The previous rally back up to the 50’s and rejecting it was a clear sign that this baby is trading seriously inside the box. Typical bear market behavior. Running up to the strong resistance to unwind the oscillators before heading back to the bottom. That is exactly what we got. I have to admit that I was somewhat blind to that move also so don’t kick yourself if you missed it. This is also why we keep our trade size small during the difficult market times.
Today’s false breakout still have to be confirmed tomorrow before it is official but in case it is, the markets are poised to stay inside the box. Rally would logically run up to 1080-1100 area (50h EMA & 200h EMA).
However, if we get powerful move down, it might be just an fishing expedition where the pros steal the stocks triggering the stops just below the support area or it might lead us to ugly new leg down. There is no way to know it right now. In case the selling turns out to real panic, we would probably see a back test of 1040 level after breakout and before the eventual rejection. If this is the case, the next stop for the down leg and the bottom of this correction period could be around 870-930 on S&P 500. In any case we expect this no man’s land period to continue to somewhere around October and November 2010.
However, the bulls won’t give the 1040 area easily. Bears really need to work hard to break that. It is the line in sand that separates us from the total disaster and enormous suffering. If we break it, the markets will wipe out a lot of good people and leave them dying slowly when the markets continue their uptrend.

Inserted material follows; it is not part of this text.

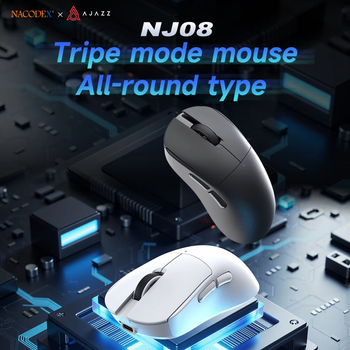 Ratón Inalámbrico AJAZZ NJ08 con Chips PAW3950/3311 y Retroiluminación RGB; Diseño para Diestros, Adecuado para Trabajo de Oficina y Juegos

To make sure you understand what I am trying to say here watch our earlier video of this subject. http://www.youtube.com/watch?v=sGGGoOZRpc4


Possible positive divergences and significant divergence on FI(2) and FI(13) brings us hope of some kind of bounce. S&P 500 is trading at its lower auto envelope channel line indicating short-term oversold condition. This does not mean we need to rally up here. Market does what is does. It doesn’t have to do anything. If we keep that in our mind, we will avoid a lot of troubles.

Also the stochastic on the hourly line chart tells the story of deeply oversold condition. If we fail to bounce from here even shortly, the markets are in DEEP trouble.

Anyway, the cash is still the safest position. I would not short the markets from these levels, even if it could go lower. This is totally unpredictable and thus we stay mostly in cash at the moment.